Content starts

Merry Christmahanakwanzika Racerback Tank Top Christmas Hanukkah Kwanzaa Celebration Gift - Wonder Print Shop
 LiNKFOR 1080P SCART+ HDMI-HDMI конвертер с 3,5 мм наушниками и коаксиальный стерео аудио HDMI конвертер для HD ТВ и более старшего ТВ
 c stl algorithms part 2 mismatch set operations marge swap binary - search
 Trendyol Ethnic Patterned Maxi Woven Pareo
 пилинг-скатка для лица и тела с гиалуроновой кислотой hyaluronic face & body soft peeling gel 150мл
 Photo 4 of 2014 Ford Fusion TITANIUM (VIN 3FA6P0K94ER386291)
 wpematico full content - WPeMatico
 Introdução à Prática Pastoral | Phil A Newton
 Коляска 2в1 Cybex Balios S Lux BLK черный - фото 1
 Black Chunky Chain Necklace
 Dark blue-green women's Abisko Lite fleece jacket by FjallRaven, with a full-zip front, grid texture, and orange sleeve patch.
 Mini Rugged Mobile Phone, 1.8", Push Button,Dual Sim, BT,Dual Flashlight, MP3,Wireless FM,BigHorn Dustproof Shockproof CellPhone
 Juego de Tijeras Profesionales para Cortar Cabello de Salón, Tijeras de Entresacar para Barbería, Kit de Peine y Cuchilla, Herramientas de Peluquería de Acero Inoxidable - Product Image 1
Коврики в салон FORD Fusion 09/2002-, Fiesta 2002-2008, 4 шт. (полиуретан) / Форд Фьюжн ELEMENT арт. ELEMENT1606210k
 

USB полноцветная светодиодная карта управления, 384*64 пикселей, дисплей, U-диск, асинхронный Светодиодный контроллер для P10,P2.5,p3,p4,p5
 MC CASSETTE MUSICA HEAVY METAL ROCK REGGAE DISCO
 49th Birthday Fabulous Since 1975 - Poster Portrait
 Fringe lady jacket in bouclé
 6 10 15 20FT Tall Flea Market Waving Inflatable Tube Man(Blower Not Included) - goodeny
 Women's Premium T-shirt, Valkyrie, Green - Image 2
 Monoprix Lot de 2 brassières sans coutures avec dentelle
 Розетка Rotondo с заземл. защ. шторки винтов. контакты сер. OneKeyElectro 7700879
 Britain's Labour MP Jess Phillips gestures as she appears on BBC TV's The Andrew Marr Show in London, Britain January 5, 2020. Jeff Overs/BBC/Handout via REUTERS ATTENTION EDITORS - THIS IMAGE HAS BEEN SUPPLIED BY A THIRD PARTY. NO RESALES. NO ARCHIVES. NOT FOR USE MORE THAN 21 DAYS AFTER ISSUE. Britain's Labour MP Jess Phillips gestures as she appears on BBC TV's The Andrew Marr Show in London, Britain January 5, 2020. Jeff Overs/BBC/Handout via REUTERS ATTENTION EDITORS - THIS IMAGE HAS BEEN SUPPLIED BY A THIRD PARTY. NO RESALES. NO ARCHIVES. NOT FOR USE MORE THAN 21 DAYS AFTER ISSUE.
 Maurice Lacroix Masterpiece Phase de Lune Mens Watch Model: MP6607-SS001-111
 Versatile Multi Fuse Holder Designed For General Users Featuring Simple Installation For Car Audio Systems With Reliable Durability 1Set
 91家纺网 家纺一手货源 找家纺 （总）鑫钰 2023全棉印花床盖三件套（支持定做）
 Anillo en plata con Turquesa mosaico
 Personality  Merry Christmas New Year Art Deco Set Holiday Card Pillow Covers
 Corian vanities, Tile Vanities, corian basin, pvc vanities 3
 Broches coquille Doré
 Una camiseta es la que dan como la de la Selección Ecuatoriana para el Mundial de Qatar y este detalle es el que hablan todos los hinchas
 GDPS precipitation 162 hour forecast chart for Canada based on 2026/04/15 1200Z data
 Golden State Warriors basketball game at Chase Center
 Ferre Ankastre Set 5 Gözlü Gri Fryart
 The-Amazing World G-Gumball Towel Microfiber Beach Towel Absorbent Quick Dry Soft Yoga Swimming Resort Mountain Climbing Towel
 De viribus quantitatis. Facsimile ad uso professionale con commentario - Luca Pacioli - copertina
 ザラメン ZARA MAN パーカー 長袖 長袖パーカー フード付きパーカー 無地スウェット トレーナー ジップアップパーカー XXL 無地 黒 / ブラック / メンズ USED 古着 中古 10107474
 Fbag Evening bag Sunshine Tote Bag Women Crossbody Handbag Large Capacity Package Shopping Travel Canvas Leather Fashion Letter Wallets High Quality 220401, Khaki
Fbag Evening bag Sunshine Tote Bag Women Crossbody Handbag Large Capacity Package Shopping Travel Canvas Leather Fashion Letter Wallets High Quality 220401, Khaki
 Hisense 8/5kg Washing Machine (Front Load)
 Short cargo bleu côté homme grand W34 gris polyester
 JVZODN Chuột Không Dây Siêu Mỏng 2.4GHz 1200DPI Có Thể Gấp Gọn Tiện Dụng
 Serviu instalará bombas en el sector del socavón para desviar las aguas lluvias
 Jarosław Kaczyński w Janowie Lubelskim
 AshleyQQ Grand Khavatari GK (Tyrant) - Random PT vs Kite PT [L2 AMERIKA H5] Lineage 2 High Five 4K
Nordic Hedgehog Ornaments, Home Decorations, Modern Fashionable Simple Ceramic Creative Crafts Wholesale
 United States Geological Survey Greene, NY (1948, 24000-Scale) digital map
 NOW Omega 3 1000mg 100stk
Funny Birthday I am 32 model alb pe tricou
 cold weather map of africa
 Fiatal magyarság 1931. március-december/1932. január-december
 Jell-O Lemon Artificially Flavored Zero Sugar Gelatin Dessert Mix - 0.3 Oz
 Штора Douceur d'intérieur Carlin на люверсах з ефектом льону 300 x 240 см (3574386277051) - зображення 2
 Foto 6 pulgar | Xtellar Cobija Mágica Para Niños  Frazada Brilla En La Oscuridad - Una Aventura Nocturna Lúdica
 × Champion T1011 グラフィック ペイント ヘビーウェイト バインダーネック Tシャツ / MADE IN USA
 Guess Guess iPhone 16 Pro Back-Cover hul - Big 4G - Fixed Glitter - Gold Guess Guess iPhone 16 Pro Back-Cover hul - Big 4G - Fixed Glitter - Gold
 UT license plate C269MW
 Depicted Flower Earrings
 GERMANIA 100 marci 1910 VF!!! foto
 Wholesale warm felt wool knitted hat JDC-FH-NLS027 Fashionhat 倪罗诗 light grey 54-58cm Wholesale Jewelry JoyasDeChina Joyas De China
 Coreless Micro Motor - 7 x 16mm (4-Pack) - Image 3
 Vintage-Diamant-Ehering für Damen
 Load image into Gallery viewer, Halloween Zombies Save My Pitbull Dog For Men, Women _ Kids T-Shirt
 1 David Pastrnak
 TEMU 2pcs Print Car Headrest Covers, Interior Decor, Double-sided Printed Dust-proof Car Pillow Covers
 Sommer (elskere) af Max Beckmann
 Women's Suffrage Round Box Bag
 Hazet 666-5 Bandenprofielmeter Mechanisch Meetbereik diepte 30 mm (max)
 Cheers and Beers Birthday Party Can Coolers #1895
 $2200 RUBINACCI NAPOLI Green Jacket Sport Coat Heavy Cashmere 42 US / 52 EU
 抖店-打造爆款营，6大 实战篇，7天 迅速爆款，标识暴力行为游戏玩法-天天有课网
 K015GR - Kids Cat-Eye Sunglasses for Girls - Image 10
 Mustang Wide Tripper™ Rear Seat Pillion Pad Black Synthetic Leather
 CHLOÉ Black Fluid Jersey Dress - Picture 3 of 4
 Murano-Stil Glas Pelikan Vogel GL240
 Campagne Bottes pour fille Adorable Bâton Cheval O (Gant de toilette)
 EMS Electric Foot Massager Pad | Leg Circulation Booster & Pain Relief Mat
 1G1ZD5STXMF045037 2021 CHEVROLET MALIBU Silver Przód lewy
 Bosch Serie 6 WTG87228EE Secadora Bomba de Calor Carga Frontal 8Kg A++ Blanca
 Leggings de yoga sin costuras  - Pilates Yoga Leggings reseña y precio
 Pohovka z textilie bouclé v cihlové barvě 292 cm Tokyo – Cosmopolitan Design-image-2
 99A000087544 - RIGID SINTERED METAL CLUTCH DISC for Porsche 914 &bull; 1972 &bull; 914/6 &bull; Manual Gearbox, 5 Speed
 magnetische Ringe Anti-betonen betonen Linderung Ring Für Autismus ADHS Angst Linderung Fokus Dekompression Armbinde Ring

Content ends

▶ **What the task asks**:
Your task is to transcribe, with no changes, only the lines of the listing above that lie between the line holding "Coreless Micro Motor" and the line holding "Women's Suffrage Round Box Bag", inclusive.

▶ **Exercise solution**:
 Coreless Micro Motor - 7 x 16mm (4-Pack) - Image 3
 Vintage-Diamant-Ehering für Damen
 Load image into Gallery viewer, Halloween Zombies Save My Pitbull Dog For Men, Women _ Kids T-Shirt
 1 David Pastrnak
 TEMU 2pcs Print Car Headrest Covers, Interior Decor, Double-sided Printed Dust-proof Car Pillow Covers
 Sommer (elskere) af Max Beckmann
 Women's Suffrage Round Box Bag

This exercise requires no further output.